Whether or not print dies, its business model will. Physical wares—newspapers, books, magazines, discs—will no longer be the primary or most profitable means of delivering and interacting with media: news, fact, entertainment, or education.
It’s not that print is bad. It’s that digital is better. It has too many advantages (and there’ll only be more): ubiquity, speed, permanence, searchability, the ability to update, the ability to remix, targeting, interaction, marketing via links, data feedback. Digital transcends the limitations of—and incorporates the best of—individual media.
More important than any of that, of course, is that digital reduces the incremental cost of production and distribution of content to zero. And as every newspaper can tell you post-Craigslist: It’s impossible to compete with free.

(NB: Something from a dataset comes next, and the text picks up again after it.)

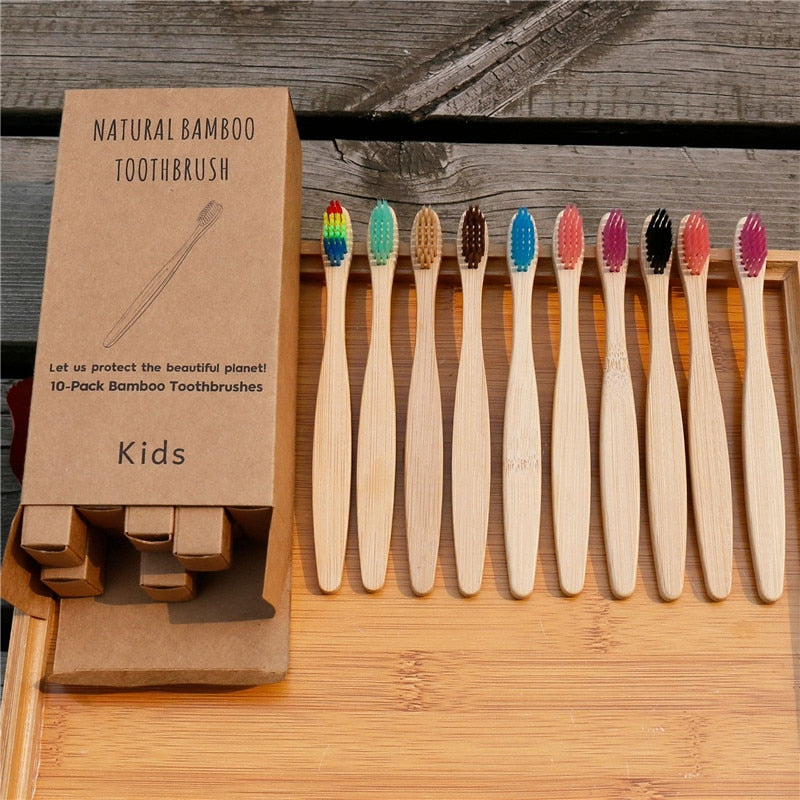 10pcs/set Child Soft Bristle Toothbrush for Children Teeth Bamboo Training Toothbrushes Baby Dental Care Tooth Brush - Baby Homez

The keys to making the transition: Advertisers will realize that their customers are digital and that marketing online, in a post-scarcity economy, must be cheaper and exponentially more efficient and effective. Technology and connectivity will advance, making content an everywhere experience. And print addicts will (sorry to be so blunt) die.
Note that in 2008, online revenue at the Los Angeles Times surpassed the cost of its (reduced) newsroom, making it possible to produce the "paper" as a sustainable digital enterprise without the expense of creating and distributing a physical product. There is the beginning of the end of print.
Given that I run an online-only news site here in Silicon Valley, you’d think I’d be arguing that print is already dead.
But the technology business teaches you that nothing ever goes away completely. Mainframes, Fortran, and paper all survive, despite PCs, Java, and the paperless office.
What’s really changing is the role of content itself.
Online, it’s participation that becomes the product, with the content merely an ingredient of the real product. And print becomes a great vehicle to promote that new, experiential online product.
Print is physical, and has potency you’d be foolish not to acknowledge: pictures that live outside a screen, copy you can carry with you and leave behind. Glossy magazines with pretty pictures of things you want and the alternative weekly that’s sitting next to the subway or lunch spot will be fine. The Sunday New York Times (NYT) will still be delivered.
Now, it’s also clear that there’s going to be less print, and the old pecking order of online being the handmaiden to print will be reversed.
But you’ll be able to get your newspaper. On Sunday. Mostly. It’s just good business.